Le escuché esta semana a Rafael Doménech -eminencia, economista y uno de los jefes del servicio de estudios de BBVA- las proyecciones así lo indican. Tocamos fondo como preludio de la recuperación económica prevista para el año que viene. Es de agradecer el mensaje optimista, una brisa de esperanza con fundamentos elaborada por un equipo de profesionales que ni especula ni suele fallar. Habló de la confianza exterior que permite mitigar las tensiones financieras, de la recuperación en nuestro entorno de la UE y del menor impacto en los ajustes al esperado. Avaló la necesidad de los recortes para equilibrar las cuentas públicas y agradeció el apoyo del Banco Central Europeo y de nuestros socios, incluida Alemania, por cierto, que nos permiten una prórroga razonable para reinventarnos.

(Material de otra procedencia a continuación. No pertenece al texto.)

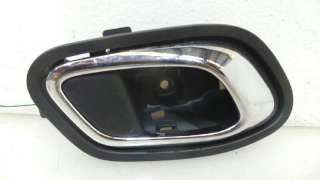 Recambio de maneta interior trasera derecha para kia cee´d 2012-2018 drive referencia OEM IAM 83623A2000 83623A2000 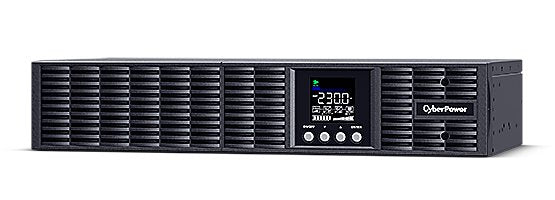 Cyberpower Ols15000ert2ua-B 1500va Doppelwandler Online Tower Rm 2u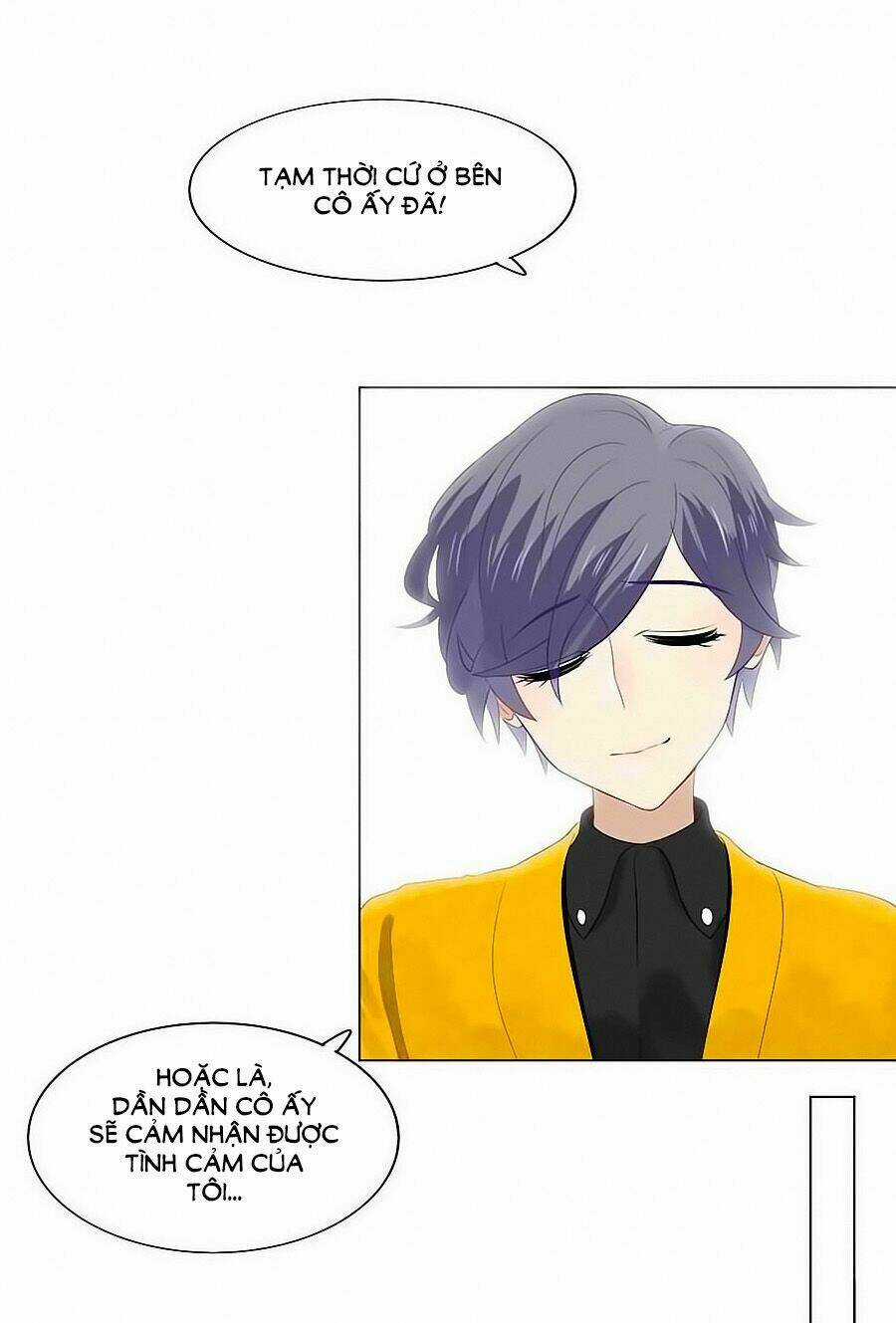 Kết Hôn Không Dễ - Chapter 52 - Trang 27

Pregunto. Estas cosas tiene la economía, porque es probable que el análisis sea el correcto y que este año acabe la crisis. Un tanto inentendible, confieso, porque seguimos igual, toda reforma anunciada ha quedado en mero maquillaje. Ni las administraciones reducen su tamaño ni se controla el fraude ni se dan las condiciones para que se cree empleo. De hecho, Doménech planteó que el crecimiento en Canarias pasa por aceptar y poner solución inmediata a tres grandes retos: incremento de la competitividad, con su reducción salarial, adecuación del entorno regulatorio, que debe ser más simple y con menos cargas para las empresas, y mejora del capital humano, que no recibe formación suficiente. Controlar los elementos que intervienen en las finanzas internacionales no está en nuestra mano, pero simplificar la burocracia y formar a nuestros hijos sí que lo está. A igualdad de inversión por alumno, denunció, los resultados académicos son peores en Canarias que en otras regiones españolas. Queda claro que el dinero no es suficiente, que el sistema adolece de vocación de quienes se dedican a la docencia y de interés por parte de los padres. Y así en todo lo demás.

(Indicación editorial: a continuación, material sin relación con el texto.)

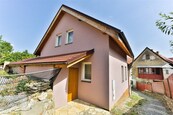 Prodej RD 3+kk, 103 m2, Ledeč nad Sázavou, cena 4150000 CZK / objekt, nabízí 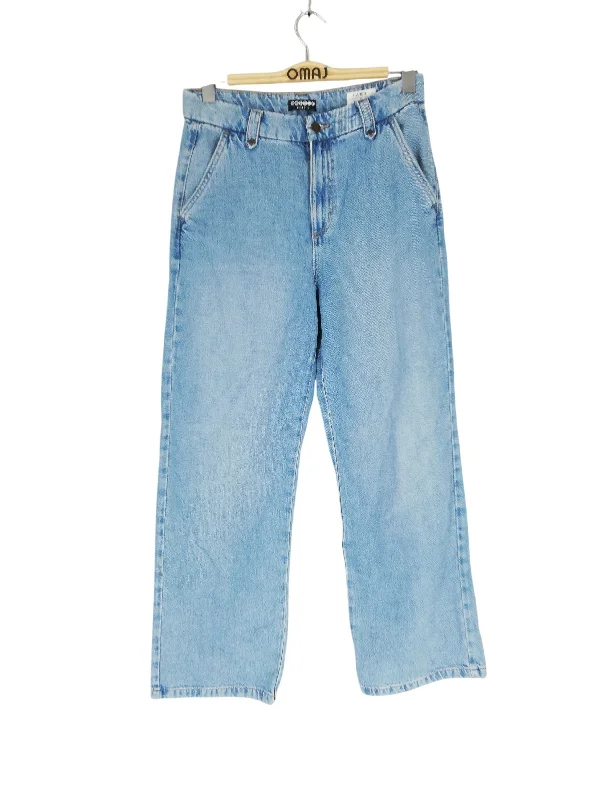 Versatile Comfort Wear Jean large Bonobo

Cuestión de enfoque. Ocúpate solo de aquello que esté en tu mano.

Exclamo. Cuando un señor de Vecindario declara en la radio que dejará huérfanos a sus hijos de seis y siete años si al final se consuma el desahucio de su casa; huérfanos por la vía expedita de quitarse la vida. Y punto. Que si está en paro, que si busca trabajo y no encuentra, que si ya lleva pagados trece años de hipoteca, en fin. Cuando la vida vale menos que una pajolera vivienda en propiedad es que hemos caído -como sociedad- en un pozo sin fondo. Porque este tipo, me da, no amenaza de broma. A lo mejor piensa inmolarse, a modo de sacrificio, para que las partes en conflicto hablen en serio. Los unos, que no pretendan acabar con tanta alegría con la obligación de pago cuando se contrae una deuda y que acepten una salida personal menos airosa, se conformen con una ayuda y/o un piso en alquiler a bajo coste, en su caso, que les permita sortear el bache. Y los otros, para que flexibilicen las condiciones cuando sucede el impago y busquen la manera de compensar a quienes han abonado sus cuotas durante muchos años y ahora no pueden, revertirles la parte del capital invertido o cualquier otra medida imaginativa. Acabar con el mercado inmobiliario y con el valor de garantía de los inmuebles no parece una solución muy inteligente.

Deseo. Tanta vehemencia por parte de Manuel Fernández, diputado y alto cargo del PP en Canarias, que defiende sin fisuras la actuación de su partido en Madrid, su incapacidad para escuchar siquiera una crítica o sostener un debate constructivo. Tanto desenfoque del presidente Rivero en su acción de gobierno. Tanto miedo a cambiar lo que no funciona. No, no hemos tocado fondo. Falta espíritu revolucionario; apúntese. ¡Viva la revolución!